* _Given records_

===============

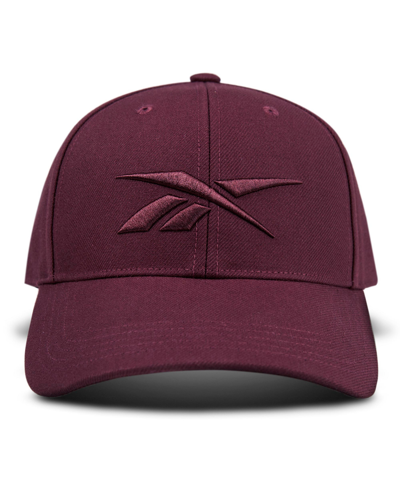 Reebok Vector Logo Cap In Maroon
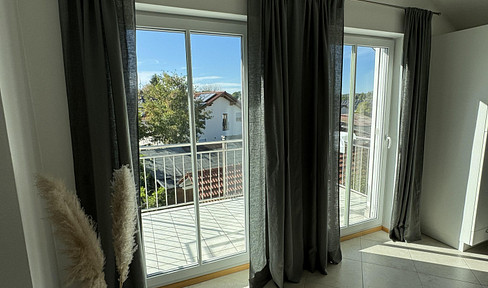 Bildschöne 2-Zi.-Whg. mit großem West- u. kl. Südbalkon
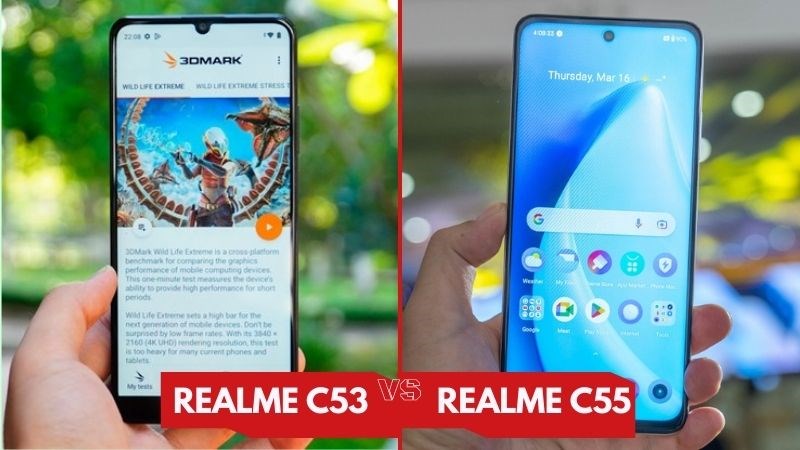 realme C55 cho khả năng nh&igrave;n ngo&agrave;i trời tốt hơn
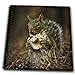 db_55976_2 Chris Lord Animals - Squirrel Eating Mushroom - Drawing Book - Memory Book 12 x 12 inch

===============

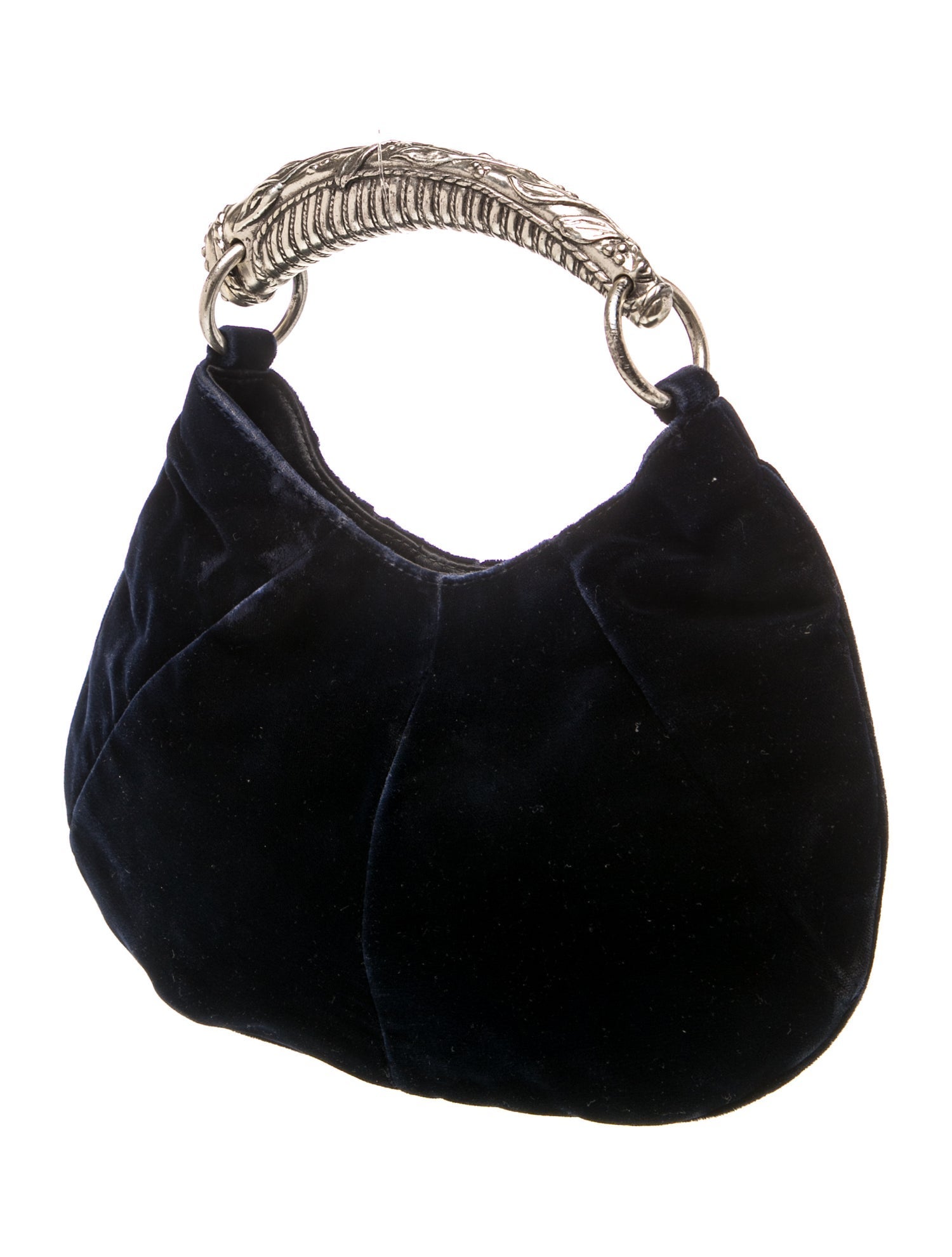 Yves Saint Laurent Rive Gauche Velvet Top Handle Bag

===============

* _Task requirements_
Since the pictures are not part of the copy, please transcribe only the lines above from the one with "Bildschöne 2-Zi.-Whg. mit" through the one with "db_55976_2 Chris Lord", exactly and with both ends.

* _Response for this exercise_
 Bildschöne 2-Zi.-Whg. mit großem West- u. kl. Südbalkon
 realme C55 cho khả năng nh&igrave;n ngo&agrave;i trời tốt hơn
 db_55976_2 Chris Lord Animals - Squirrel Eating Mushroom - Drawing Book - Memory Book 12 x 12 inch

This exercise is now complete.